I haven't tried to make it a complete proof, but it seems to work.
I'm still struggling with the intuition behind the lower bound rule, though. The upper bound completely makes sense. I used your example above of [imath](x-c)Q(x)[/imath] where [imath]Q(x)[/imath] has all positive coefficients with values that are increasingly greater than [imath]c[/imath] and see why it would hold.
I think one of my confusions is that according to DRS, sign changes indicate possible roots. So why does the alternating positive/negative indicate a lower bound. I'm still not getting the intuition behind the lower bound.
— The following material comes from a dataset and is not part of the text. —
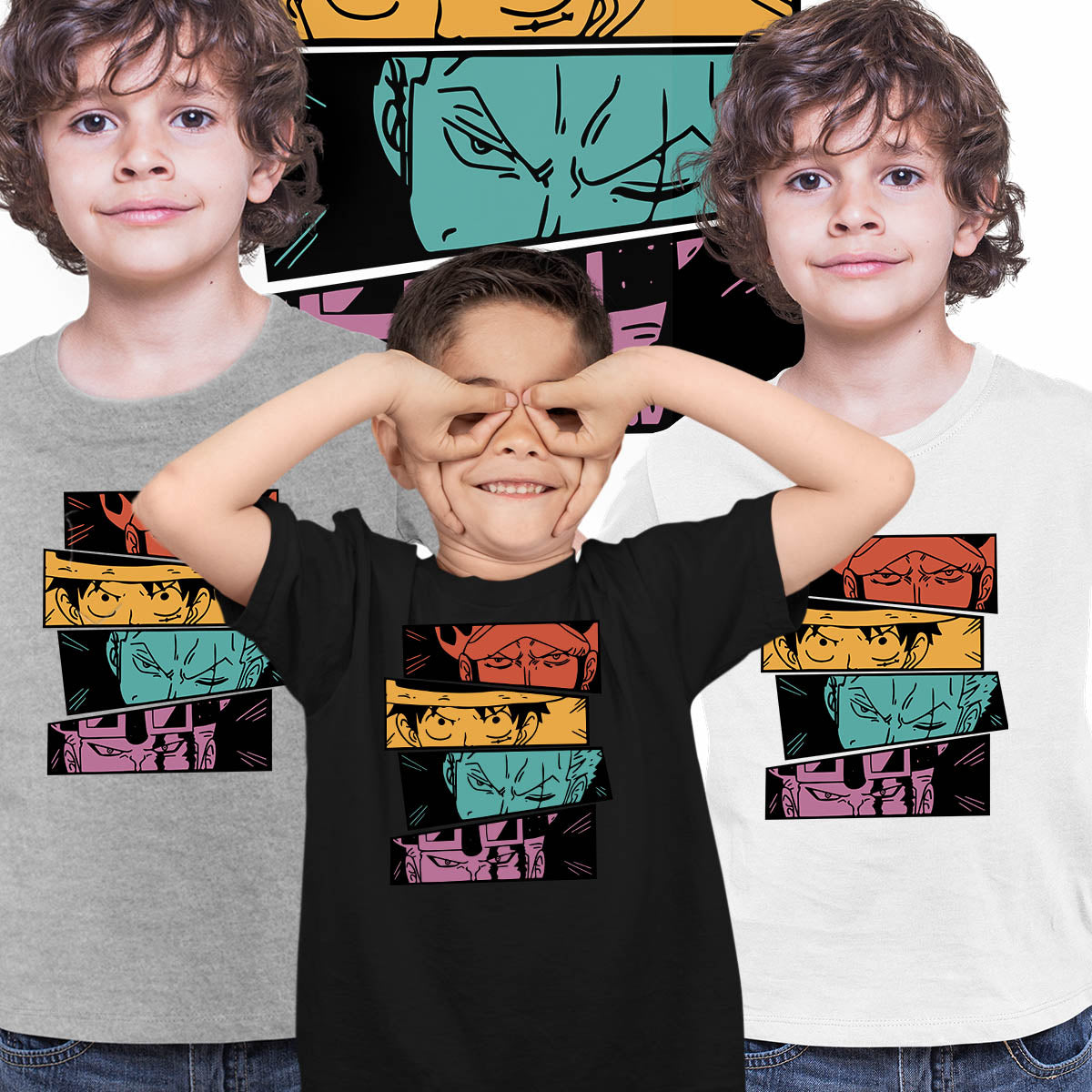 One Piece Straw Hat Pirates Monkey Luffy Zoro One Piece Anime Manga  T-shirt for Kids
My original idea was to do the same approach we use for DRS to prove the alternating signs case using the positive signs case. Given that the latter is true, f(-x) will have the same sign, therefore no positive zeros; so f(x) has no negative zeros. But it does take a little juggling to handle the details, probably involving the same two cases as above.
I suspect you are being confused by that first page of the paper, which misleadingly relates sign changes from one coefficient to the next with zeros. That connection is not so direct; and the intuition it provides is nothing like a proof.
As for textbooks, some put proofs of major theorems in an appendix where the better students, who can benefit from them, can find them; but even those often have to just give a brief summary of a proof that is beyond that level. Links to online sources could be helpful in such cases.